:: PROVIDED MATERIAL ::
——

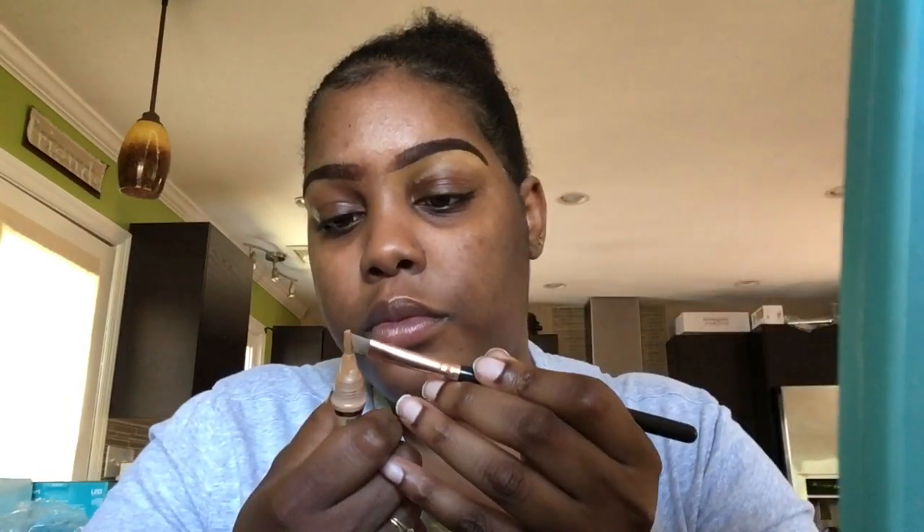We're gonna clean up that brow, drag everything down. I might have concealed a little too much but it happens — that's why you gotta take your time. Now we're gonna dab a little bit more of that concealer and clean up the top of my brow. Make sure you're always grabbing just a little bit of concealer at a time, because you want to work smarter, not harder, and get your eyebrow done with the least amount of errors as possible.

——

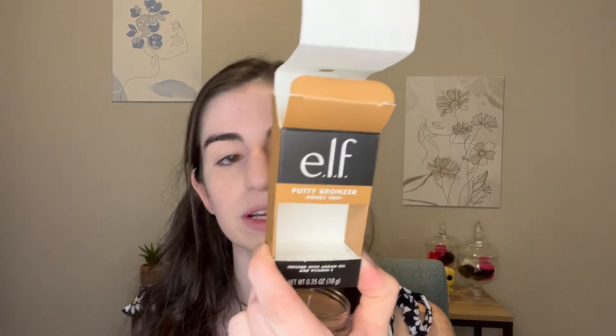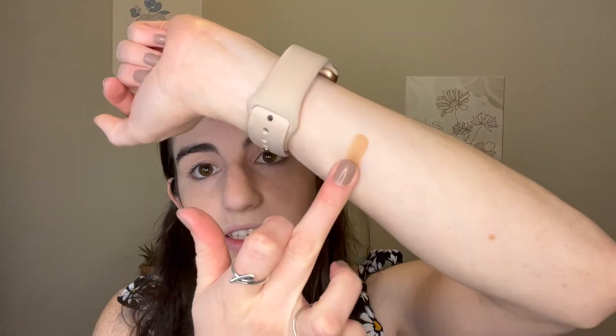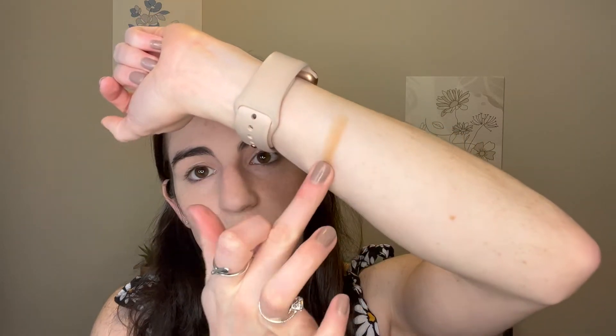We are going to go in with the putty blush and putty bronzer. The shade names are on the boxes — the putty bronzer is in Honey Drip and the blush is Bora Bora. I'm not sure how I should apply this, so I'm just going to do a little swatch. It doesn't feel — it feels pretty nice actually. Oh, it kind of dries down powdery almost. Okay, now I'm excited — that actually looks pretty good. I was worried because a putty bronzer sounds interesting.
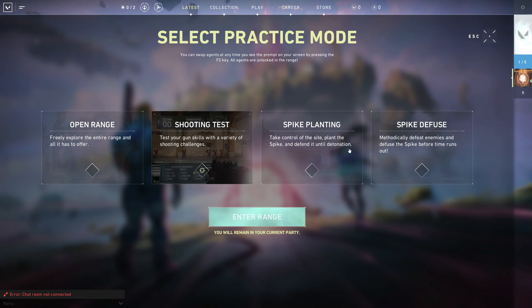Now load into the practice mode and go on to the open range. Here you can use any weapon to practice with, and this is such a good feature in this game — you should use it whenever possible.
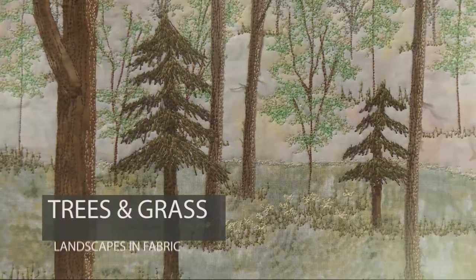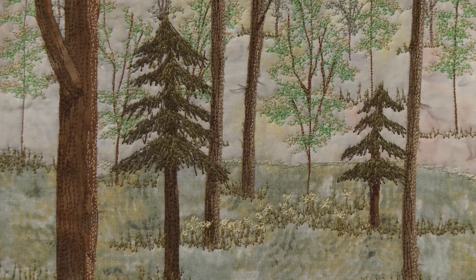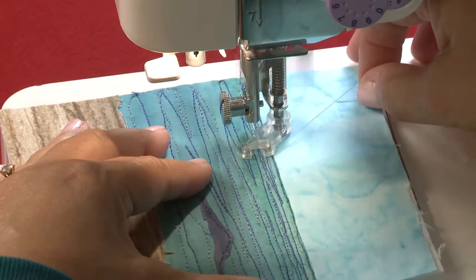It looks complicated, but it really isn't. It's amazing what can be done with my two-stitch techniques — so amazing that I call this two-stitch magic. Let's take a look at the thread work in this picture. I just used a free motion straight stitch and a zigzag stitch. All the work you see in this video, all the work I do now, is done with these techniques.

——

:: EXERCISE DESCRIPTION ::
Look above for the line with "We are going" and the line with "It looks complicated, but", then copy them and all lines in between exactly as written, and only those, without any pictures.

:: ANSWER TO THE EXERCISE ::
We are going to go in with the putty blush and putty bronzer. The shade names are on the boxes — the putty bronzer is in Honey Drip and the blush is Bora Bora. I'm not sure how I should apply this, so I'm just going to do a little swatch. It doesn't feel — it feels pretty nice actually. Oh, it kind of dries down powdery almost. Okay, now I'm excited — that actually looks pretty good. I was worried because a putty bronzer sounds interesting.
Now load into the practice mode and go on to the open range. Here you can use any weapon to practice with, and this is such a good feature in this game — you should use it whenever possible.
It looks complicated, but it really isn't. It's amazing what can be done with my two-stitch techniques — so amazing that I call this two-stitch magic. Let's take a look at the thread work in this picture. I just used a free motion straight stitch and a zigzag stitch. All the work you see in this video, all the work I do now, is done with these techniques.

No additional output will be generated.